Firewall architectures • Approaches: • packet filtering: allow only datagrams with certain properties to pass. • proxy services: application-level gateways that forward datagrams and hide the Intranet. • Architectures: • dual-homed host: one host with two network interfaces, one for Intranet, one for Internet. • screened host: packet filter combined with bastion host providing gateway/proxy services. • screened subnet: trusted/untrusted subnets.
Packet filtering (screening router) • Selectively blocks or lets through packets between the Intranet and Internet, based on: • Source IP address • Destination IP address • Protocol (TCP, UDP) • Source port • Destination port • For each combination one can configure the filter to allow or deny all values, certain ranges, or single values.
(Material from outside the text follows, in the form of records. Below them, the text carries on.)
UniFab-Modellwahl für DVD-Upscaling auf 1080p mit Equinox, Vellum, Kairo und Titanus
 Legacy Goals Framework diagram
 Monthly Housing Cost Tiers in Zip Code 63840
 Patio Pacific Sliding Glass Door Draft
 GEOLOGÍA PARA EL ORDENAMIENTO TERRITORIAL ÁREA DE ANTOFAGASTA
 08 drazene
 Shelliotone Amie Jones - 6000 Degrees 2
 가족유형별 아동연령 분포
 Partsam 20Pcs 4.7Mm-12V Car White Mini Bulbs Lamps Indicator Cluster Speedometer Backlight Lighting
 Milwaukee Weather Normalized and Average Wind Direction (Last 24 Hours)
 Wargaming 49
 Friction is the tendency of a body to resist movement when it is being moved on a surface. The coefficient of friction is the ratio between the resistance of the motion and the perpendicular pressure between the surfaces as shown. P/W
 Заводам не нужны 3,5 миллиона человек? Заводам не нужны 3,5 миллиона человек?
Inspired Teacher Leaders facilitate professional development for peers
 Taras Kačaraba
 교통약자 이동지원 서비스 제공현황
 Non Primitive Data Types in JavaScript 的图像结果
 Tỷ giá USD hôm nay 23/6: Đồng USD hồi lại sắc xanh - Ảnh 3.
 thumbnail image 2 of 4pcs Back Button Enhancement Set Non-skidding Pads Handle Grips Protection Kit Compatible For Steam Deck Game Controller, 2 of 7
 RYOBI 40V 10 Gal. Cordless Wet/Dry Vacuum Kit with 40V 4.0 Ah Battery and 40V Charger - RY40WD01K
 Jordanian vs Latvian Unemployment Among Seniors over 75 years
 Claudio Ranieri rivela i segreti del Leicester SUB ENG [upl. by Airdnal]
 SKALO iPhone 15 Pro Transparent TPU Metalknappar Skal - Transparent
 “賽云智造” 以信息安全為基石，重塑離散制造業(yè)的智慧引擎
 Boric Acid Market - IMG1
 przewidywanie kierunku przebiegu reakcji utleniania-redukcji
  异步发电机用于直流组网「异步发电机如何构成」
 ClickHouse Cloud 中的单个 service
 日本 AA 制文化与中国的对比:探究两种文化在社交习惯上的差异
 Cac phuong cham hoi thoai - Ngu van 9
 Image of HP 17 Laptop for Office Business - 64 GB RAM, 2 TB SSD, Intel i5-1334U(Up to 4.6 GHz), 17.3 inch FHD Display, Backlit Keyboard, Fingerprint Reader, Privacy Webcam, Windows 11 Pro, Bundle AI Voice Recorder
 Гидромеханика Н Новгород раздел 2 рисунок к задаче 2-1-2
Proxy Services • Specialized services (application-level gateways) take a request from an Intranet computer and forward it to Internet. • Proxies are most useful when Intranet computers can only reach Internet through the proxy. • Many applications can be configured to use proxies. SOCKS is a proxy construction toolkit used to modify clients for proxy operation. • To the Internet hosts all Intranet requests appear to come from the proxy server. A proxy is sometimes used to hide where a request came from.
Dual-Homed (Bastion) Hosts • Requires a host with two network interfaces. • High level of control, but possibly also a high workload on the bastion host. • All traffic must pass through the bastion host. • The bastion host offers proxy services. • The IP addresses of the Intranet computers are invisible on Internet. Special ranges are reserved for this: 10.x, 172.16 and 192.168. • The bastion host should off as few services as possible. It should not have user accounts.